Did anyone buy this in the end?

It's got another very good review here:


> Several things give the Lumix LX7 a lead in this market. Most important is the extraordinarily bright f1.4-2.3 lens. There's few models that can match its maximum aperture at the wide angle angle end of the range and the longer you zoom the bigger its advantage gets.
> 
> This crucially allows the LX7 to claw back some of the noise advantage of rivals with bigger sensors as their generally slower lenses means they're forced to operate at higher ISOs than the LX7 under the same conditions.
> 
> ...


http://www.cameralabs.com/reviews/Panasonic_Lumix_DMC_LX7/verdict.shtml


----------



## Hocus Eye. (Oct 7, 2012)

No, I am still very content with my LX3 thank you. That is itself a recommendation for the LX7 its successor, for someone in the market at the moment.


----------



## editor (Oct 7, 2012)

Hocus Eye. said:


> No, I am still very content with my LX3 thank you.

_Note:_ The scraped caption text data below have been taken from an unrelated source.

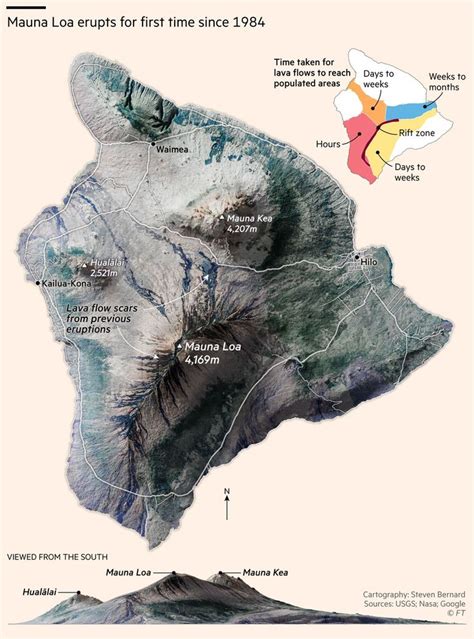 3d rendered map of Mauna Loa showing lava flow rates | Lava flow, Mauna loa, Information ...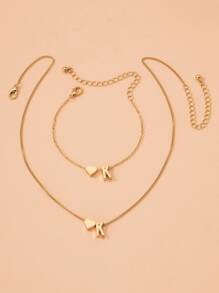 2入組字母和心形裝飾首飾套裝 - 金黃色 - 查看 2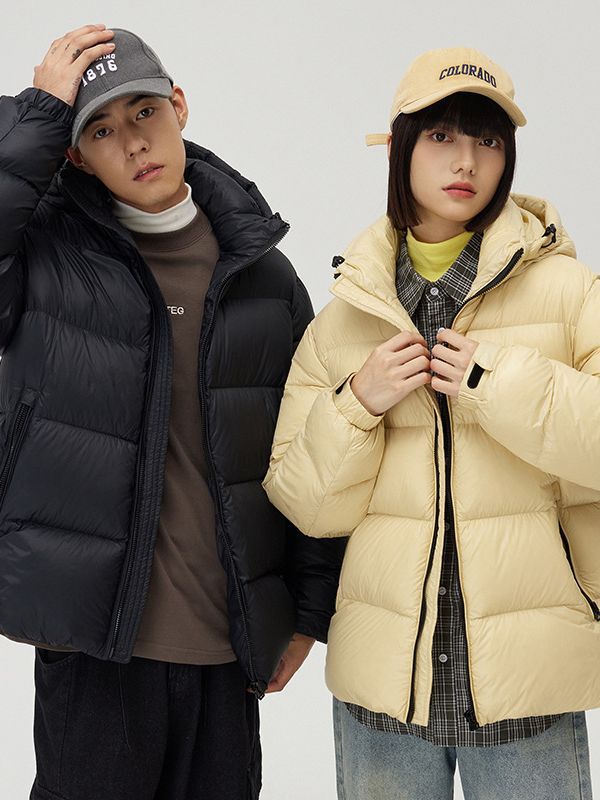 Down Jacket Thickened Couple Winter New Windproof Coat Solid Color Hooded Pi-Mart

That's fantastic to hear. I'm lucky enough to have sold quite a few photos and seeing as they're often only ever taken on smaller cameras, I'm always on the look out for improved image quality, especially in low light. 

I'm still happy with my LX5 (although the zoom lever has gone all 'sticky') but I am looking at the new Olympus Pen E-PL5 as that comes with the same fantastic sensor as the OM-D but in a smaller package.


----------



## Garek (Nov 20, 2012)

I am considering one as my last camera has died. It was a £100 Panasonic that I loved though the picture quality was questionable at times. Just seen the price has fallen to £275. My decision will ultimately come done to a) whether I can afford that b) whether I can justify it c) whether I will actually learn how to use its features.


----------



## editor (Nov 20, 2012)

Even when it's just used as a point and shoot, the LX7 is a fabulous compact.

I bought the E-PL5 recently and it's very, very good - although noticeably bigger than the LX5/7 is you have anything other than the 14mm pancake lens fitted.


----------



## kage (Nov 23, 2012)

I just bought the girlfriend one for Xmas, well I imagine I might use it as well on occasion. 

It was reduced from $499 US to $299 due to it being Black Friday, after importing it to Canada and paying the duty it'll be more like $390, still a bargain. It'll make a nice change from lugging around the D300


----------



## editor (Nov 23, 2012)

That's a great price.


----------



## Garek (Nov 28, 2012)

editor said:


> Even when it's just used as a point and shoot, the LX7 is a fabulous compact.


 
Well I have asked for it for Christmas/Birthday so with any luck I shall be getting one. And I will read the manual and try and learn how to do all the different things with it. On my old Panasonic I used to just use the auto thing which could be a bit hit and miss.


----------



## Garek (Jan 10, 2013)

Well I got it! And I love the look and feel of it. Haven't actually used it yet though as I haven't got a memory card for it 

So what's the deal we memory cards? Are they like speaker wire or are there genuine differences with the more expensive ones? I was looking at this. Is that a good price?


----------



## Hocus Eye. (Jan 10, 2013)

Garek said:


> Well I got it! And I love the look and feel of it. Haven't actually used it yet though as I haven't got a memory card for it
> 
> So what's the deal we memory cards? Are they like speaker wire or are there genuine differences with the more expensive ones? I was looking at this. Is that a good price?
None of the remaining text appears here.